What are input tokens?
Input tokens are the text you send to the model: the prompt, instructions, user message, context, examples, and any attached or copied text that becomes part of the request.
Token guide
AI usage cost is usually based on two sides of the same request: the tokens you send to the model and the tokens the model returns. Understanding the difference helps you estimate cost, control response length, and avoid surprises when usage grows.
Estimate token cost with PromptMeter
Input tokens are the text you send to the model: the prompt, instructions, user message, context, examples, and any attached or copied text that becomes part of the request.

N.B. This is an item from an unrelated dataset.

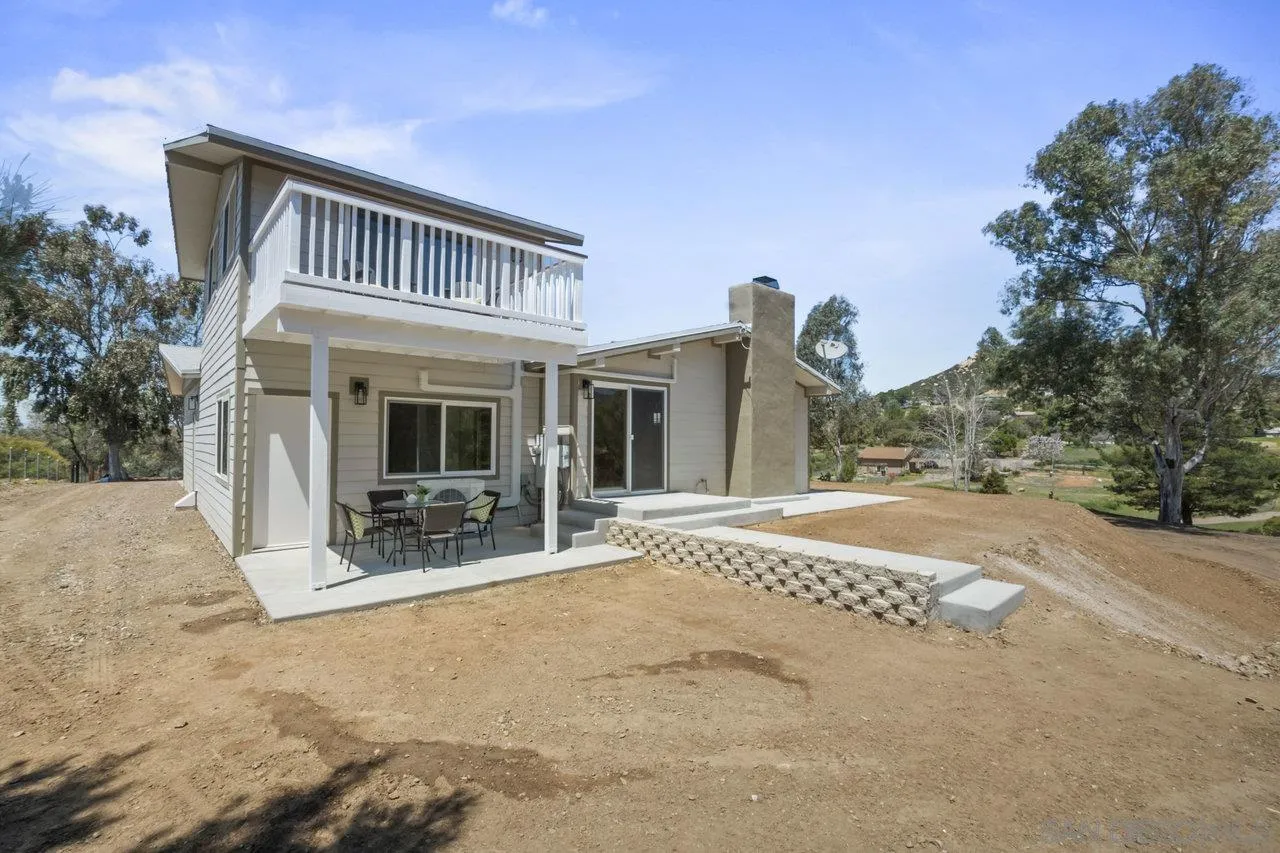 23471 Japatul Valley Road Alpine, CA 91901 - Photo 35 of 57 a front view of house with yard and trees around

Output tokens are the answer generated by the model. Longer answers cost more, output length can often be controlled, and structured answers such as tables or JSON can increase output size.

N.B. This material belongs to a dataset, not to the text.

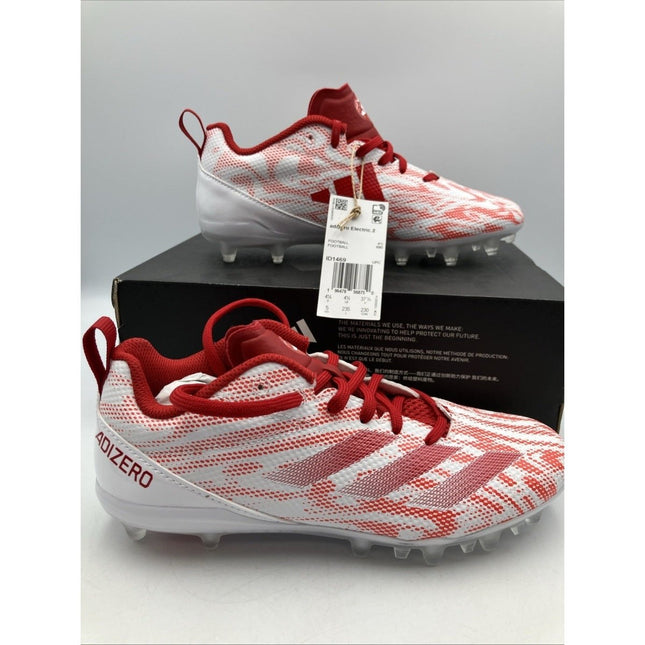 [ID1469] GRADE SCHOOL ADIDAS ADIZERO ELECTRIC. 2 FOOTBALL CLEATS size 5 - Long Island Liquidation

Total cost = input token cost + output token cost. A short prompt with a long answer can still be expensive, and a long prompt with a short answer can also add up at volume.
Long explanations, repeated formatting, generated tables, JSON outputs, multi-step reasoning summaries, and high request volume can make output tokens the main cost driver.

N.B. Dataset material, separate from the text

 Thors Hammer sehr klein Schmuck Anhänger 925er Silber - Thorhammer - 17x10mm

Reduce repeated context, shorten examples, separate reusable instructions, and remove irrelevant copied text before it reaches the model.
Ask for concise answers, define a maximum number of sections, avoid unnecessary tables, request summaries before full detail, and use structured output carefully.
PromptMeter helps you estimate tokens, prompt cost, savings scenarios, and AI API cost before usage scales. Its estimates are local and approximate, so you should still verify provider pricing manually.
Measure both input and output, estimate request volume, test short, medium, and long answer lengths, and watch workflows where one user action triggers several AI calls.
| Scenario | Input tokens | Output tokens | Cost behavior |
|---|---|---|---|
| Short reply | 800 | 200 | Lower output cost |
| Detailed answer | 800 | 1,200 | Output cost dominates |
| JSON response | 800 | 1,800 | Structured output can grow fast |
| Multi-call workflow | 800 x 3 | 750 x 3 | Cost multiplies by calls |
FAQ
Not always. Some providers price input and output tokens differently, so you should check current provider pricing manually.
Output can become long through detailed explanations, generated tables, JSON, repeated formatting, or workflows that request several answers per user action.
Often yes. Ask for concise answers, set a maximum length, limit sections, or request a summary before asking for full detail.
Yes. Token counts vary by model, tokenizer, language, formatting, code, JSON, and message structure.
Start with the larger cost driver. Reduce repeated context if input is large, and control answer length if output dominates.